Legend of Sindh celebrated the obscure Sindhi flavors; the event was part of efforts to keep alive the distinct identity and culture of Sindhi community.
Sindhi culture has its roots in Sindh, now a part of Pakistan. It belongs to the ancient civilization of the Indus Valley. It is a culture which is rich with history, art and flavors. As any other cultural dynasties of Indian history, the Sindhi culture has a mark of its own. Its cuisine, though influenced by Central Asia, Mughals and Persia, has carved an identity of its own.

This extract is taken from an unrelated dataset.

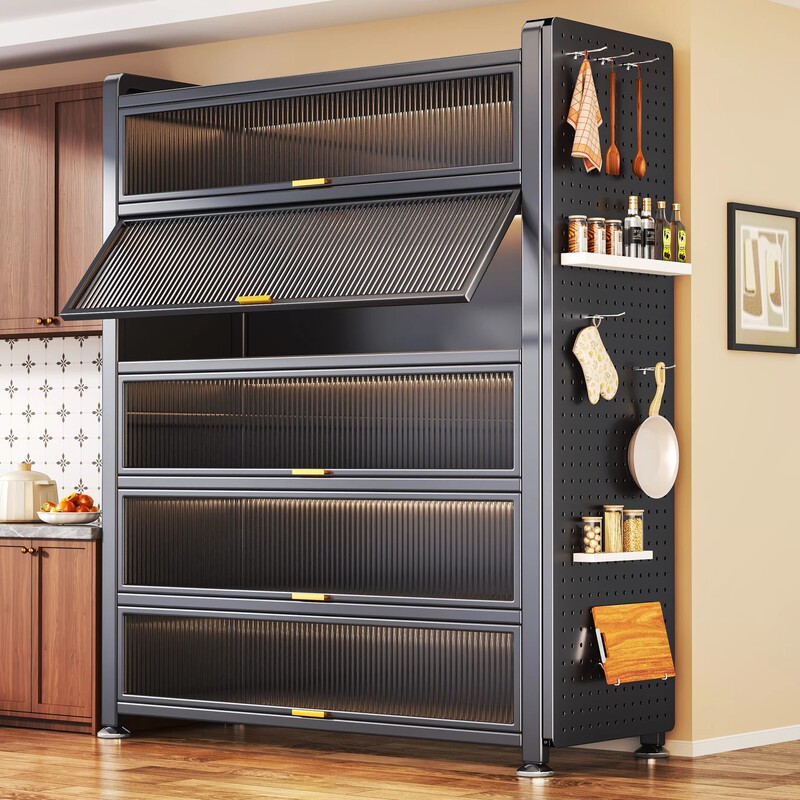 Household Floor-Standing Multi-Layer Storage Rack, Bowl and Chopstick Cabinet, Sideboard, Kitchen Cabinet, Microwave Dust-Proof Storage Cabinet Household Floor-Standing Multi-Layer Storage Rack, Bowl and Chopstick Cabinet, Sideboard, Kitchen Cabinet, Microwave Dust-Proof Storage Cabinet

Post partition, Hindu Sindhis got scattered across the globe. Their culture and flavors were nearly forgotten. To keep their distinct identity, culture and heritage from being lost to annals of history, there are efforts to keep it alive in mainstream society. Legend of Sindh, a 10-day Sindhi Food Festival at Sofitel Mumbai BKC was one such event.
Legend of Sindh celebrated the obscure Sindhi flavors. Celebrity Chef Suresh Hinduja, who has roots in the Shikarpur district near the banks of the Indus River, promised to give a glimpse of the little-known style of cooking from the pre-partition days with some traditional recipes being showcased for the first time.
It was a sensory journey through the forgotten, contemporary recipes and a new-age take on the cuisine of one of the largest provinces of undivided India, binding premium elements with top-tier quality in rare recipes and a delectable gastronomic expedition. Rare ingredients such as Lotus Root, Gucchi (Morel Mushrooms), Turnips, and Amritsar Vadis, to name a few, were used for the preparation of the course. Signature dishes like naturally fermented wheat and millet tandoori rotis, Bajra Khichdi with Vadi crumble, Kutiyal Murgh, Chapli kababs, Gathadi (Potli) pickles, Thandai Mousse and Rose centered Gulab Jamuns made a debut to diners in Mumbai.
The festival further flaunted a plethora of live stations serving vegetarian and non-vegetarian Tawa food (TakaTak) and a wood-fired overnight cooked mutton curry station. Suresh Hinduja’s signature cocktail, Sheila Kijwani, which promised to tantalize with its sandalwood and jasmine notes was also served.